* [Source data]:
-------

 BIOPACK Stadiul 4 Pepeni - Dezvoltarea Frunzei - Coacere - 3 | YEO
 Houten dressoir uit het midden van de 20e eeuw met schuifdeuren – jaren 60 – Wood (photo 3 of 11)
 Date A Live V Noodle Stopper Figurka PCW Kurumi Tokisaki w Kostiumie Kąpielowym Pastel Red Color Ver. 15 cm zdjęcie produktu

-------

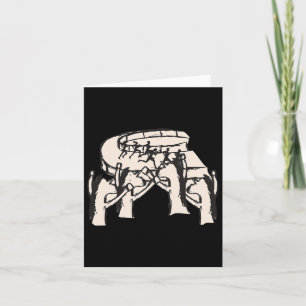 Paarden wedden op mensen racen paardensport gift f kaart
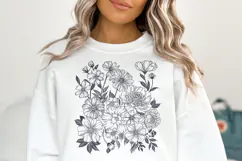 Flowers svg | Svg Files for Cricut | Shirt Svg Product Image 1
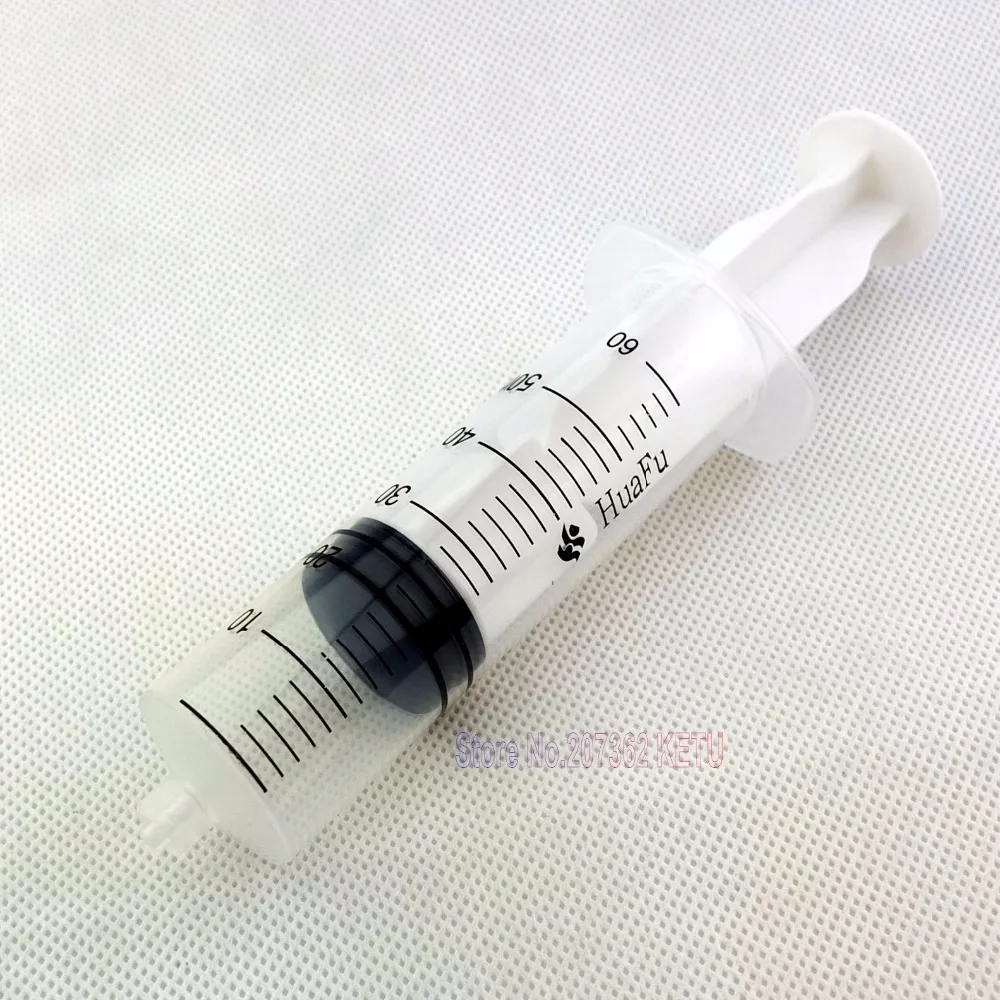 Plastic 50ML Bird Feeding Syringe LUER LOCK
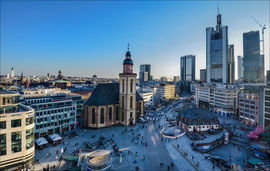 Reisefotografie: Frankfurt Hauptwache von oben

-------

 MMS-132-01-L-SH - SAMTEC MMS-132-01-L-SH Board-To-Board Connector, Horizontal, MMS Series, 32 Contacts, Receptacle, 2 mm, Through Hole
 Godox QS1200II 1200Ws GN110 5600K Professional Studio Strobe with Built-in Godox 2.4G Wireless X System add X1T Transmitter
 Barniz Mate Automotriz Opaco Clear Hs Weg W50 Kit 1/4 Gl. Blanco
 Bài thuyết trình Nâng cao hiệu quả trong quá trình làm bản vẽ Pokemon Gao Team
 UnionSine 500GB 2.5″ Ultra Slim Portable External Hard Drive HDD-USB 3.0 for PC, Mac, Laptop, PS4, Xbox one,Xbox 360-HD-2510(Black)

-------

* [Task description]: What you return must be the lines above that run from the line with "BIOPACK Stadiul 4" to the line with "Date A Live", inclusive, each copied exactly.

* [Exercise answer]:
 BIOPACK Stadiul 4 Pepeni - Dezvoltarea Frunzei - Coacere - 3 | YEO
 Houten dressoir uit het midden van de 20e eeuw met schuifdeuren – jaren 60 – Wood (photo 3 of 11)
 Date A Live V Noodle Stopper Figurka PCW Kurumi Tokisaki w Kostiumie Kąpielowym Pastel Red Color Ver. 15 cm zdjęcie produktu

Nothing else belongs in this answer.